WORK TASK:
Please repeat only the lines below starting at the line that holds "Hello everybody, my" and ending at the line that holds "Hey everybody, what's", exactly, with both of those lines included and every picture omitted.

PROVIDED ENTRIES:
****

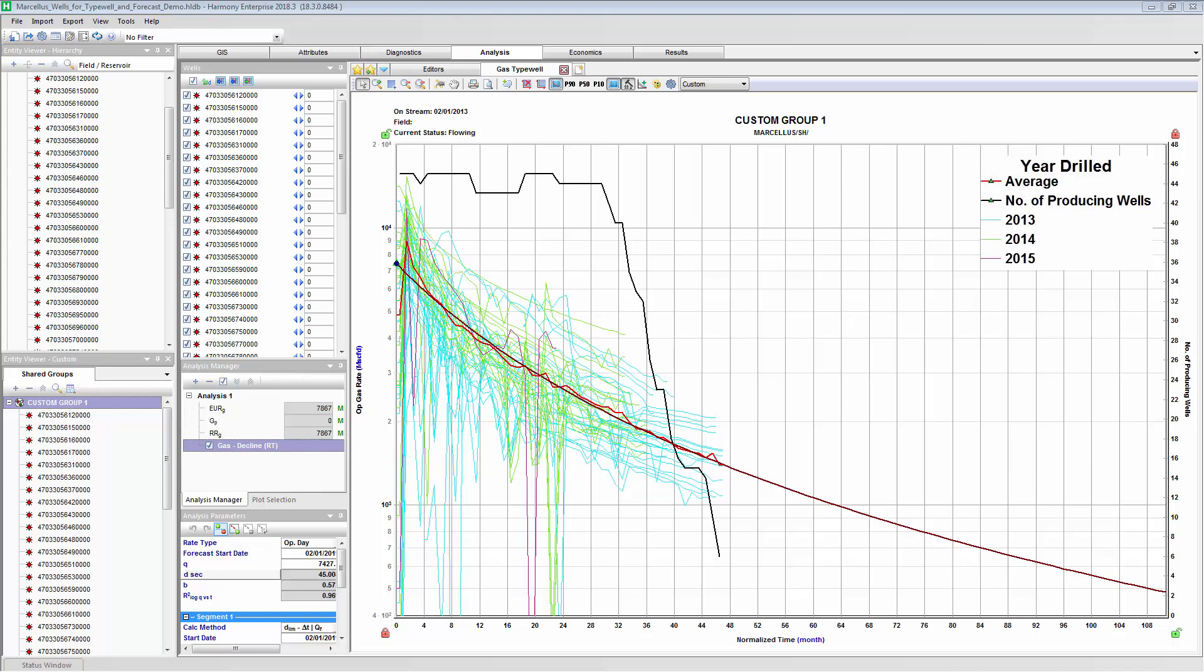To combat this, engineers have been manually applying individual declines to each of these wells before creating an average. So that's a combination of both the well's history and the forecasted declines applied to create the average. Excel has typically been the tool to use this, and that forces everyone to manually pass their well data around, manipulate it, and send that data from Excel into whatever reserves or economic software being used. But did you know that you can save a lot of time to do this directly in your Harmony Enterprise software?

****

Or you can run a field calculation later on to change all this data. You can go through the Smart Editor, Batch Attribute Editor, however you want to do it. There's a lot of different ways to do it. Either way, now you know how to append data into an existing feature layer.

****

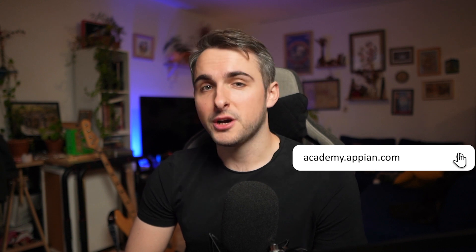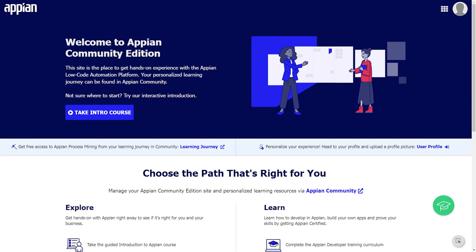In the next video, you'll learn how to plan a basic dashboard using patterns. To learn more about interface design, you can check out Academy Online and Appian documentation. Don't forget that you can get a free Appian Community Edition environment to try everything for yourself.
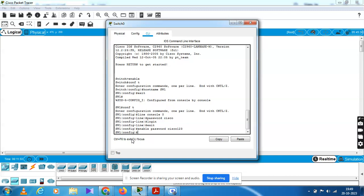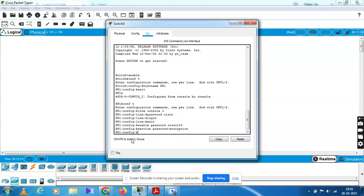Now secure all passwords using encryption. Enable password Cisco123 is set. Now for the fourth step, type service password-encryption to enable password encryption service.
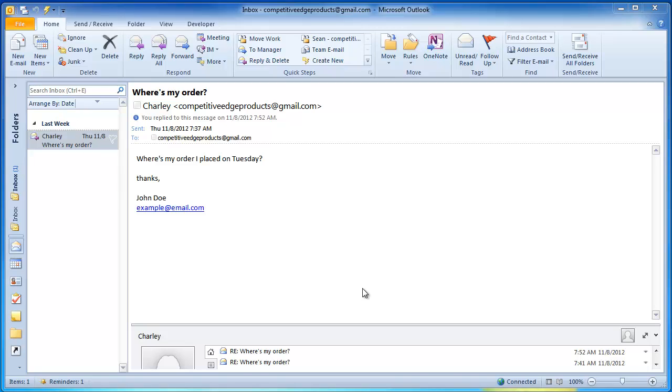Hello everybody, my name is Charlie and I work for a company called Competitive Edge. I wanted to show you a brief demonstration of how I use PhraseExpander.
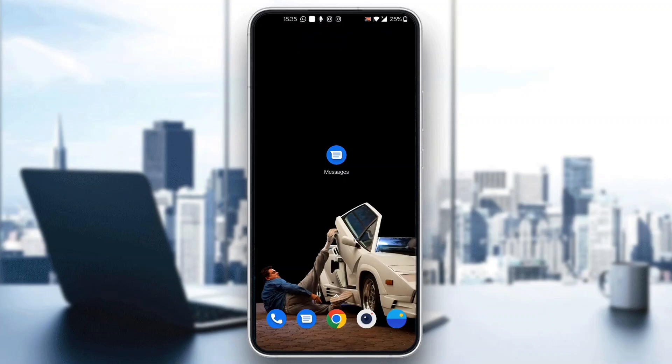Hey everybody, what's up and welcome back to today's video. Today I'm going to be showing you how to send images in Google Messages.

****

WRITTEN REPLY:
Hello everybody, my name is Charlie and I work for a company called Competitive Edge. I wanted to show you a brief demonstration of how I use PhraseExpander.
Hey everybody, what's up and welcome back to today's video. Today I'm going to be showing you how to send images in Google Messages.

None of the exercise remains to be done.